Miko, who had begged for permission to go with the driver when he took Jack home, flopped in the backseat next to him and hugged his arm. “I thought that went wonderfully!”
“Really? He was grilling me about my future plans, and I didn't have any answers.”
“He wouldn't have bothered asking if he didn't see some potential. When he started giving you all that advice, I knew you had won him over.”
“Do you think so? I was afraid I'd really upset him when I made that stupid joke.”
Miko giggled. “That was the funniest part. He basically was offering you a job. He went into corporate recruiting mode without realizing it. He only looked upset because he was so startled when he realized what he was doing.” Miko snuggled up to him. “If you hadn't said that, you might have had an interview date. Mom nearly burst out laughing when you said it though.”
“Speaking of your mother,” Jack looked at Miko's upturned face. “Promise me you'll be no less beautiful than her when you are her age.”
Miko sat up and looked surprised. “Beautiful? My mom?”
“I think she's very attractive.”
She paused, then gave Jack a sly grin. “What makes you think you'll even be around when I'm that age?”
“I'm not planning on going anywhere.”
Miko smiled and snuggled back up next to him. “I'm going to have to warn my father about you.”
永 遠
“So tell me how bad it was,” Takashi asked as the usual group ate lunch together in the courtyard. “Did he send you home in tears?”
“He did wonderfully,” Miko said punctuating her remarks by holding up a gyoza in her chopsticks so Jack could take a bite.
“You know, you don't have to tell your cook to make these every day. I do eat other food too.”

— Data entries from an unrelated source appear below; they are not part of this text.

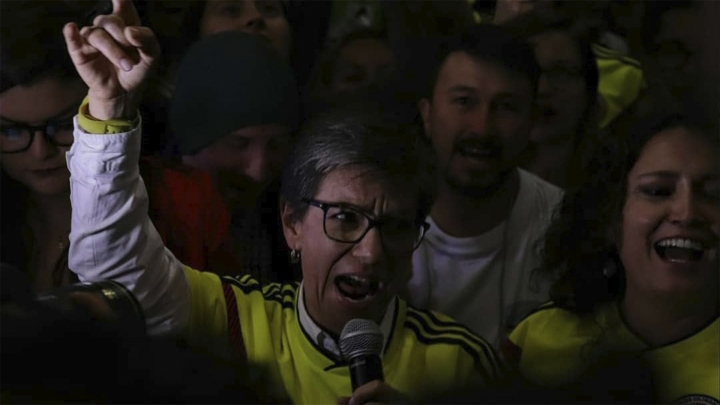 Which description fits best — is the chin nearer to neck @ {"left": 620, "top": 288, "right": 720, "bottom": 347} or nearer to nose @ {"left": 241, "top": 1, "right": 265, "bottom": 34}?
nose @ {"left": 241, "top": 1, "right": 265, "bottom": 34}

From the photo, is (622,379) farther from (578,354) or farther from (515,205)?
(515,205)

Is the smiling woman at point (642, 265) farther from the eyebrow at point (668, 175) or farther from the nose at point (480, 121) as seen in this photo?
the nose at point (480, 121)

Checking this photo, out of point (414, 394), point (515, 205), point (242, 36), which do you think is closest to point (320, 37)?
point (242, 36)

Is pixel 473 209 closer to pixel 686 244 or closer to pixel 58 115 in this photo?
pixel 686 244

“But I like to see you happy.” Miko smiled and finished off the dumpling herself.
“Please!” Junko said, though it came out more like a groan.
“Stop fooling around,” Takashi said. “I want to know what happened. I might have to do this myself someday.”
“Oh? Think you'll actually get a girlfriend of your own?” Tsukiko asked.
“Stranger things have happened.”
Junko poked at her bento. “Not that strange.”
“Well, first he asked about my family and where we're from. Then he started asking about what I planned to do after high school. I did start getting a little nervous then.”
Takashi shook his head. “I would have been shaking the whole time.”
“Then he started giving me career advice.”
“What? You mean he actually acted like he was interested in your future?”
“Well, at one point I did ask him what he would do in my place.”
Takashi scratched his chin. “What a clever trick. I may have to remember that one.”
Tsukiko smacked him on the back of his head. “Like you'll ever get to use it.”
“Then he offered Jack-kun a job,” Miko giggled.
“What?” Ume choked and Rio patted her on the back.
“Not quite,” Jack said. “But he did say his company could use someone with a background like mine and talked about what it would be like if I were to work for him,” he paused and frowned. “It wasn't like he actually made me a job offer though.”
Takashi made a skeptical sound. “No, I guess not...dummy.”
“Anyway,” Jack took a bite from another dumpling as Miko held it up. “I'm done. It's going to be your turn tonight.”
“What do you mean?” Junko asked.
“She's coming to meet my parents tonight.”
“Oh ho ho!” Takashi said. “Now for the real challenge.”
“What are you talking about?” Miko asked.
“The eternal conflict between mother-in-law and daughter-in-law. The number one wrecker of marriages.”
“What do you know about it?” Tsukiko asked.
“I read an article about it online for social studies.”
“Like you read,” Junko said.
“OK, I scanned the article titles.”
“It is true, though,” Junko said. “It's often very hard for Japanese mothers-in-law and daughters-in-law to get along. Two women, strangers to the same family. One runs the household, the other—if she's the wife of the first born—will be responsible for taking care of the parents in their old age. The whole situation is fraught with disaster.”
Miko grew pale, holding a half-eaten gyoza in her chopsticks.
Jack guided it toward her gaping mouth. “Eat up. You'll need your strength.”